The technology of the manufacture of semiconductor devices comprises a great variety of etching processes used for forming trenches and similar structures in multilayer stacks of semiconductor and insulator materials. Integrated circuits are typically comprised of a large number of circuit elements located on a given chip area according to a specified circuit layout, wherein in complex circuits the field effect transistor represents one predominant circuit element. Generally, a plurality of process technologies are currently practiced, wherein for complex circuitry based on field effect transistors, such as microprocessors, storage chips, and the like, CMOS technology is currently one of the most promising approaches due to the superior characteristics in view of operating speed and/or power consumption and/or cost efficiency of the resulting devices. During the fabrication of complex integrated circuits using CMOS technology, etching of trenches is commonly performed.
Among other procedural steps heat treatment of semiconductor component at different fabrication states has to be performed in various environments. Annealing processes that alter the microstructure of a (semiconductor) material causing changes in physical properties such as the conductivity, strength and hardness are commonly known. In the manufacture of small-sized transistors annealing may be included in an attempt to provide tensile or compressive strains to channel regions in order to enhance the performance of the transistors. In the context of compliant substances facilitating the employment of strained thin films hetero-epitaxially grown on some seed substrate, etched trenches can be provided for facilitating partial or complete relaxation of the strained thin films.

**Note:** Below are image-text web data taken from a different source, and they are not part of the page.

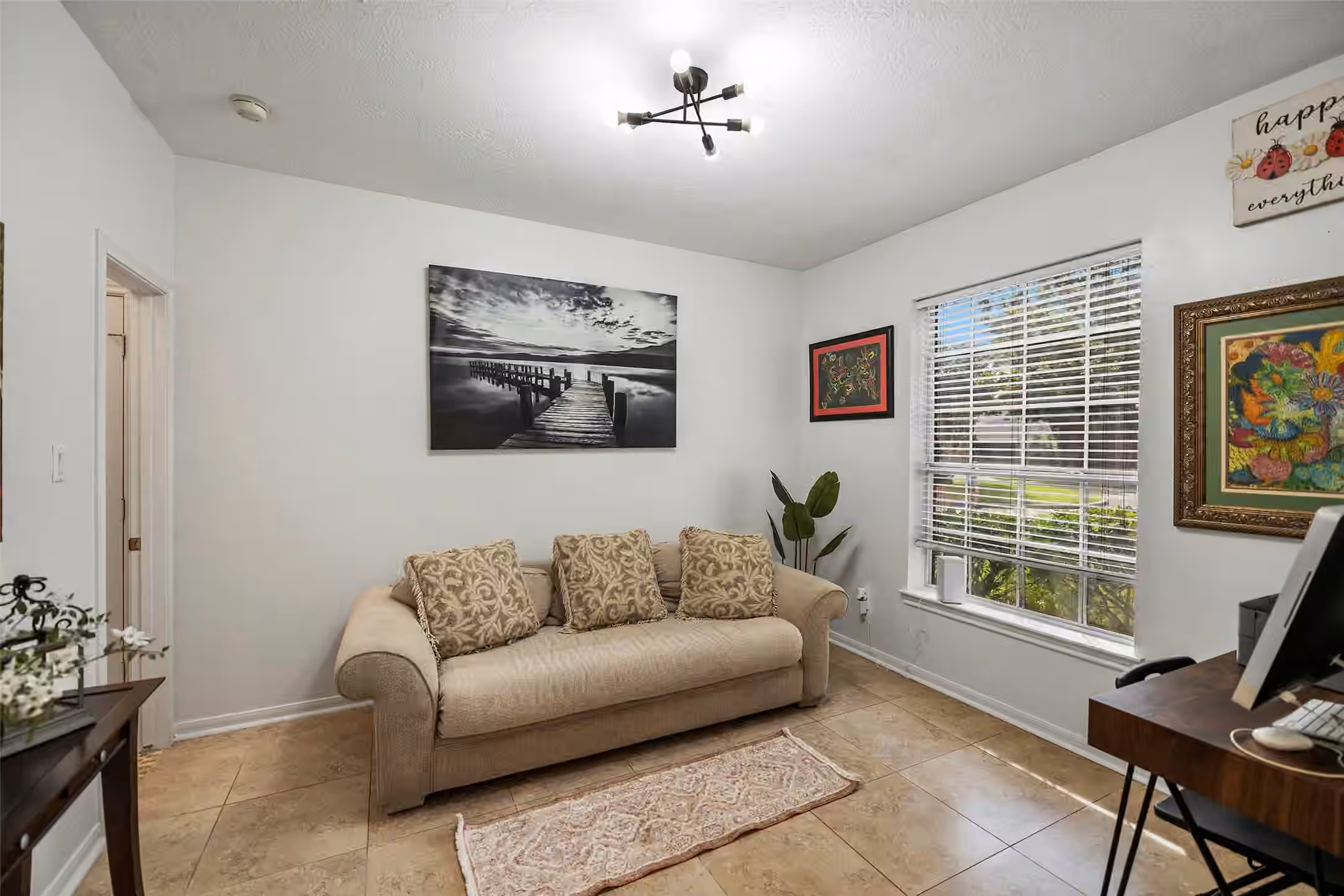 Photo 4 of 11910 Susie Court, Pinehurst, TX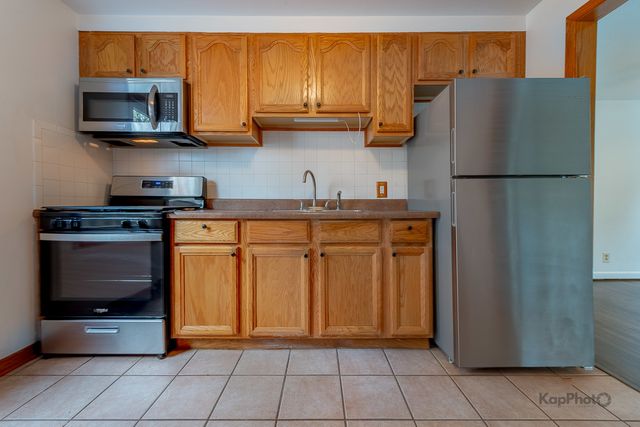 10933 S Avenue H, Chicago, IL 60617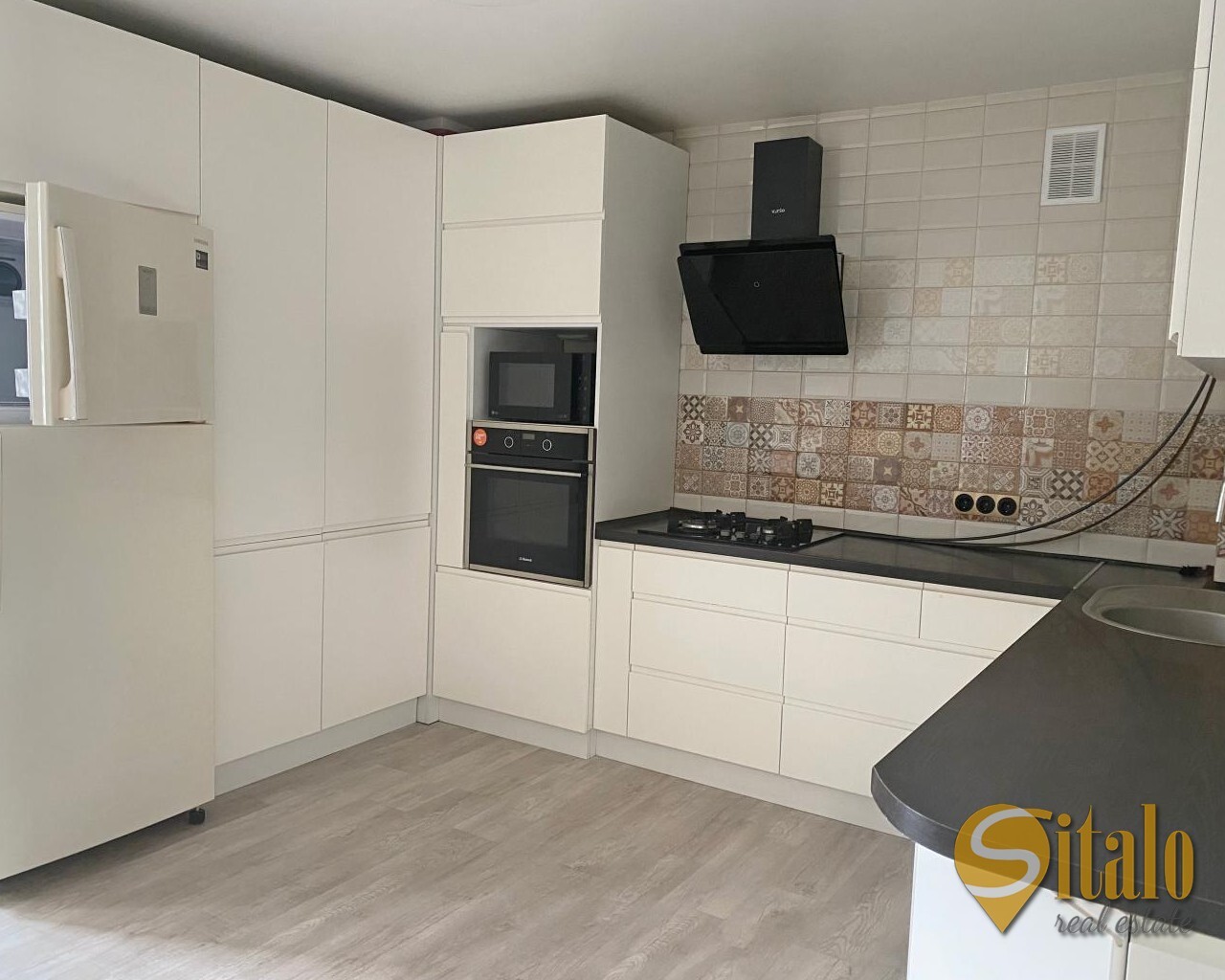 Продажа 3-комнатной квартиры 84 м²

However, in trenches and similar etched structures, the bottom and side surfaces include portions of material layers of the etched multilayer stack that are exposed to the environment after the etching process was completed. When such etched components are subject to some heat treatment constituents of these material layers can diffuse from the exposed portions out to the environment. The diffusion can severely affect the subsequent manufacturing steps and performance of finished semiconductor devices due to contamination of the annealing environment and the resulting contamination of both already formed layers and structures and those structures being formed during the annealing process.
In the manufacture of InGaNOS devices with relaxed strained InGaN layers, for example, the formation of strained material InGaN islands facilitates the relaxation of the strained layer. The formation of the islands is achieved by etching trenches separating portions of the strained layer. Relaxation is initiated by a heat treatment of the islands that are formed above some compliant layer, e.g., comprising borophosphosilicate glass (BPSG). The heat treatment results in a plastic deformation of the BPSG layer and some reflow thereby elastically relaxing the strained InGaN layer. During the heat treatment, however, boron and phosphorous atoms diffuse out of the portions of the BPSG material that are exposed at the walls and bottoms of the above-mentioned trenches. If the heat treatment is performed in an epitaxial reactor before or during the growth of an active layer, the diffused atoms contaminate the reactor atmosphere and the growing layer and thus affect performance of the built active layer.
It is thus a problem underlying the present invention to provide means to avoid diffusion of material portions of buried layers exposed by etched structures at the inner walls and the bottoms of trenches etched in multilayer stack arrangements.